Task for the records below: copy exactly, and only, the line containing "Date: 26th March" and every line after it to the end, with pictures left out.

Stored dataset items
--------------------------------

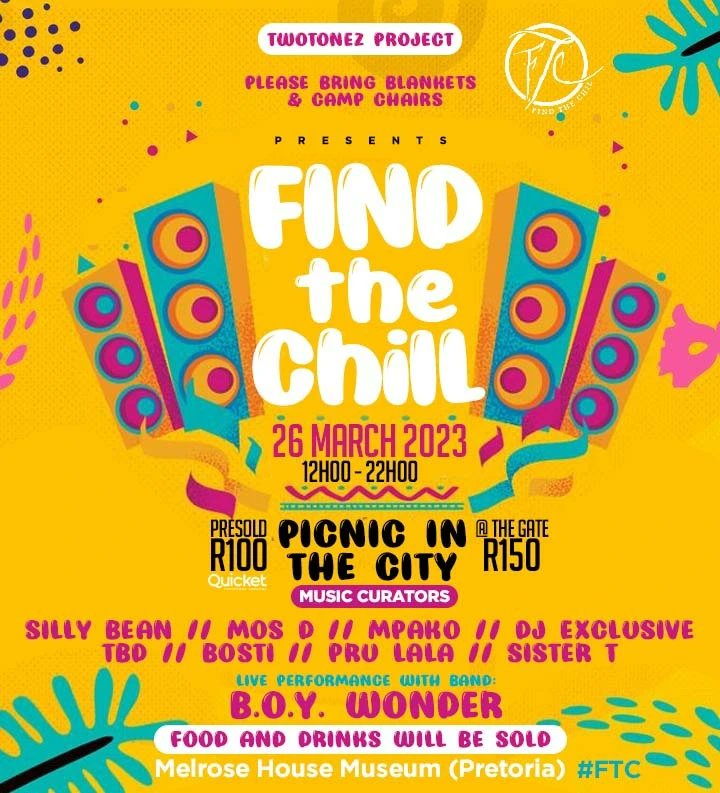 FindTheChill1's tweet photo. Come #FindTheChill with us as We Picnic In The City
Pull through for music made for the Sunshine &amp; chilled vibez.

Date: 26th March
Venue: @MelroseMuseum
1pm - 10pm

‼️PLEASE BRING BLANKETS/CAMP CHAIRS‼️

Tickets Available: 
https://t.co/A97Q8J9CUc

Food and Drinks will be sold‼️ https://t.co/oFqoRgaldT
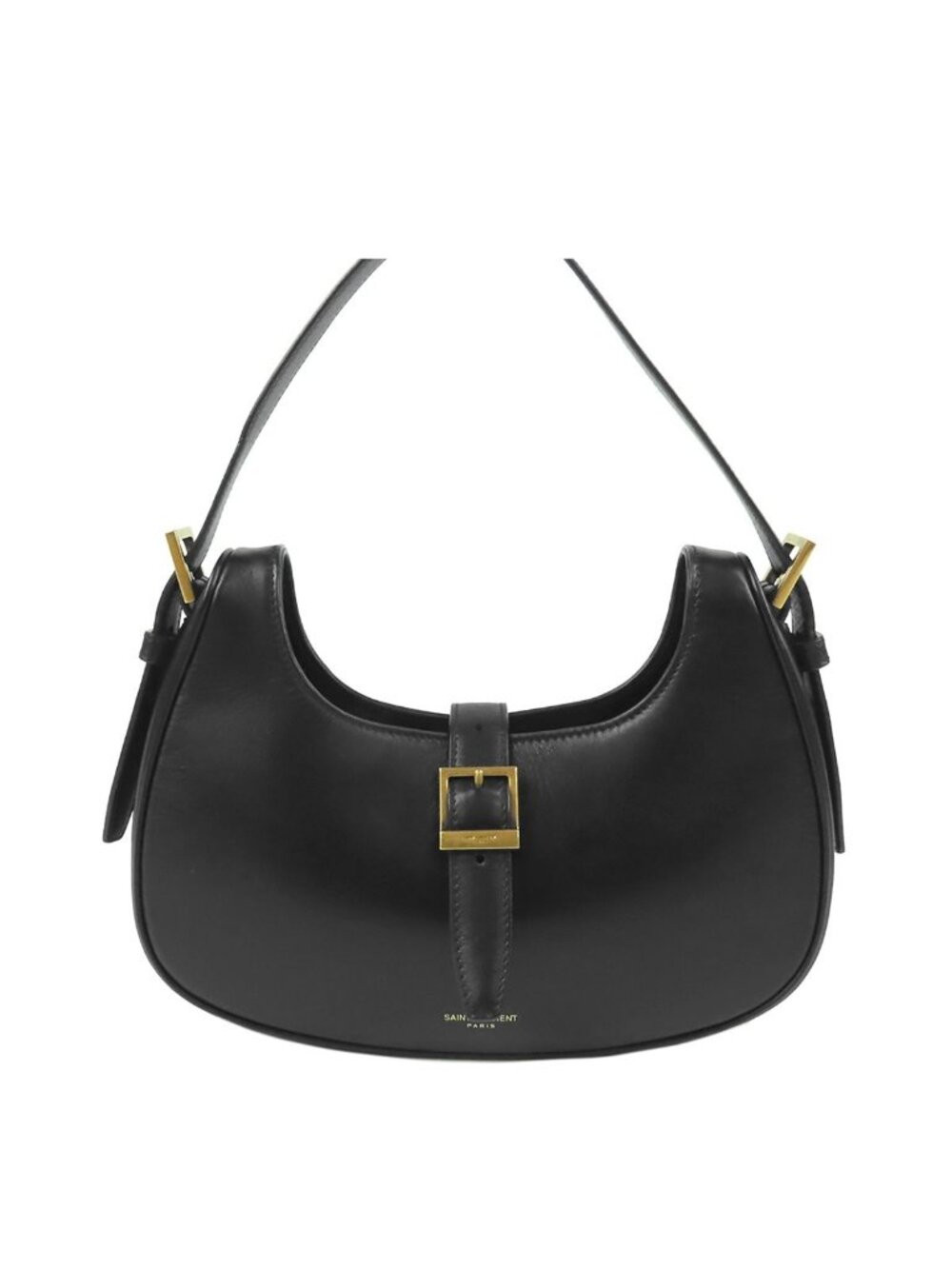 Saint Laurent le Fermoir Black Leather Hobo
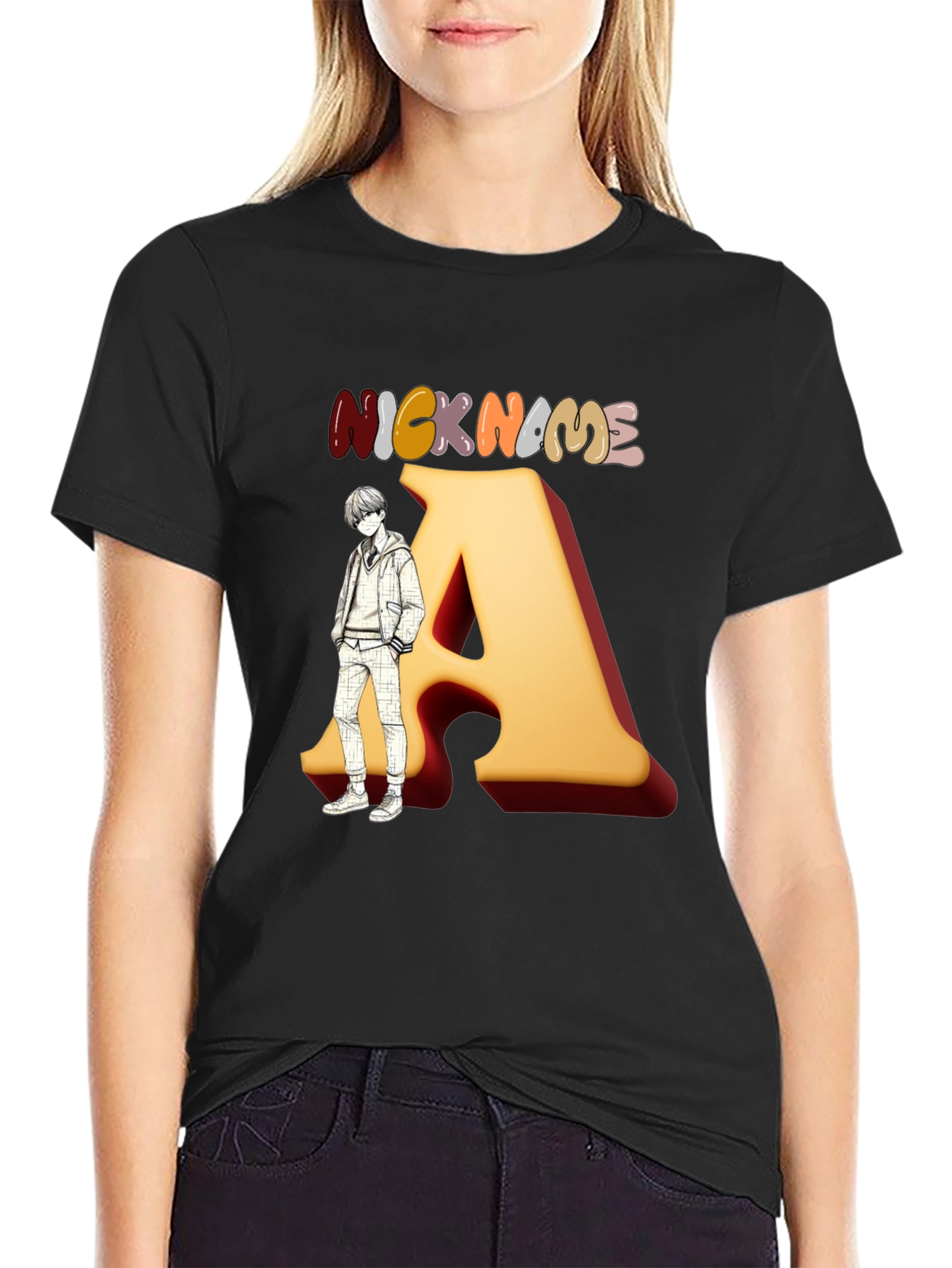 Black Nickname "A" Graphic Black T-Shirt view 2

--------------------------------

**Output**
Date: 26th March
Venue: @MelroseMuseum
1pm - 10pm

‼️PLEASE BRING BLANKETS/CAMP CHAIRS‼️

Tickets Available: 
https://t.co/A97Q8J9CUc

Food and Drinks will be sold‼️ https://t.co/oFqoRgaldT
 Saint Laurent le Fermoir Black Leather Hobo
 Black Nickname "A" Graphic Black T-Shirt view 2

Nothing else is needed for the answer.